■ EXERCISE:
Among the entries below, the lines from the one with "This is a video" up to and including the one with "Hello and welcome!" are to be restated exactly, without pictures.

--- MATERIAL FOR THIS EXERCISE ---

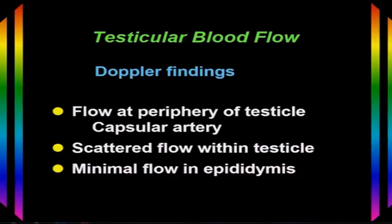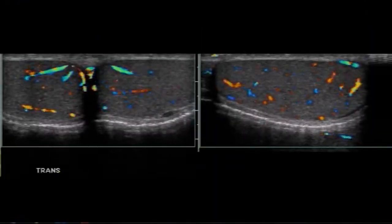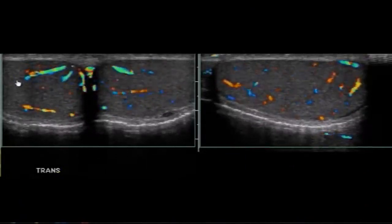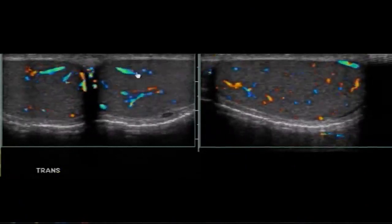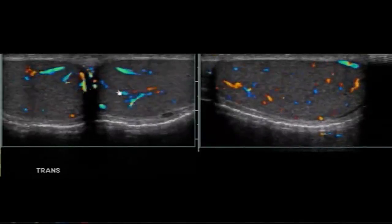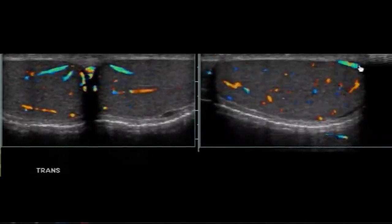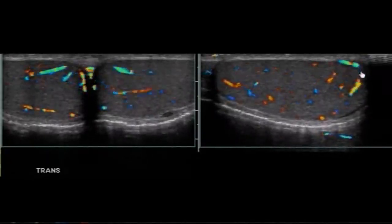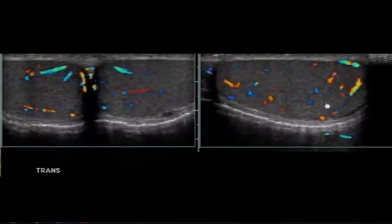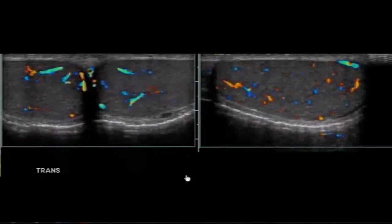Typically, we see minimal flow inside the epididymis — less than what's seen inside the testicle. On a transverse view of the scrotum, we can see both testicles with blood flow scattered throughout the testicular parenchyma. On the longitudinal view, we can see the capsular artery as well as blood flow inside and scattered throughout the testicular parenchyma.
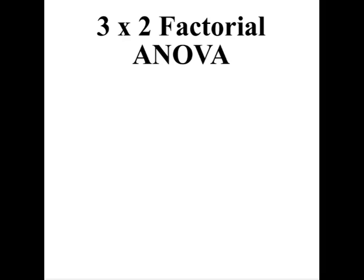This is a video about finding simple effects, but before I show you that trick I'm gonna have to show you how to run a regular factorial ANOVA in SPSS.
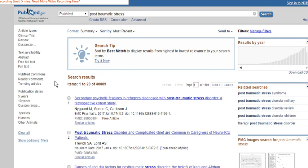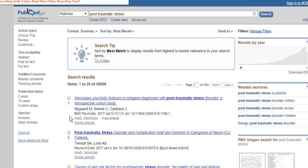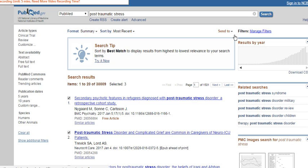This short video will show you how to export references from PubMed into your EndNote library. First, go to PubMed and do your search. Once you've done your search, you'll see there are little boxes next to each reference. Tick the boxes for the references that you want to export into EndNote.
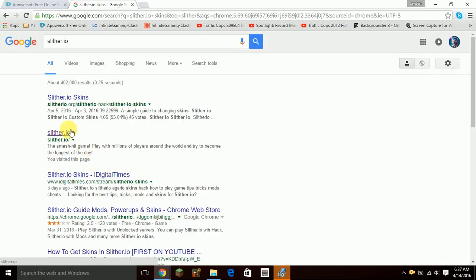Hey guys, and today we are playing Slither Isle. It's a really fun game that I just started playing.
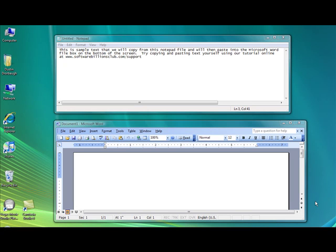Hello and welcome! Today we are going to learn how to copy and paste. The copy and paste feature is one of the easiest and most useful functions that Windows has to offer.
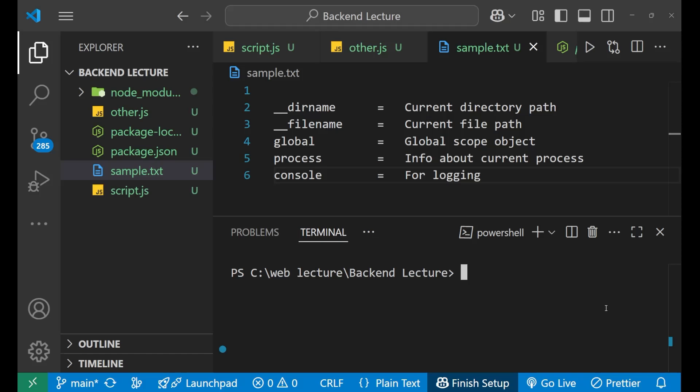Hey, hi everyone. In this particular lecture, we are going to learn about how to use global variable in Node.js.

---
--- MATERIAL FOR THIS EXERCISE ---

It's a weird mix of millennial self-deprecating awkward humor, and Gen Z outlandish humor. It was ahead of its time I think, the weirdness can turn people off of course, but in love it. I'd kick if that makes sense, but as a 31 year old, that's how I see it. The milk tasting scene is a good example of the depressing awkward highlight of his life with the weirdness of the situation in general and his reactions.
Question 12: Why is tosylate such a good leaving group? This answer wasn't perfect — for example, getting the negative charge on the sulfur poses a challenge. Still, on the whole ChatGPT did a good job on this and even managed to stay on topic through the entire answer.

---

■ SOLUTION FOR THIS TASK:
This is a video about finding simple effects, but before I show you that trick I'm gonna have to show you how to run a regular factorial ANOVA in SPSS.
This short video will show you how to export references from PubMed into your EndNote library. First, go to PubMed and do your search. Once you've done your search, you'll see there are little boxes next to each reference. Tick the boxes for the references that you want to export into EndNote.
Hey guys, and today we are playing Slither Isle. It's a really fun game that I just started playing.
Hello and welcome! Today we are going to learn how to copy and paste. The copy and paste feature is one of the easiest and most useful functions that Windows has to offer.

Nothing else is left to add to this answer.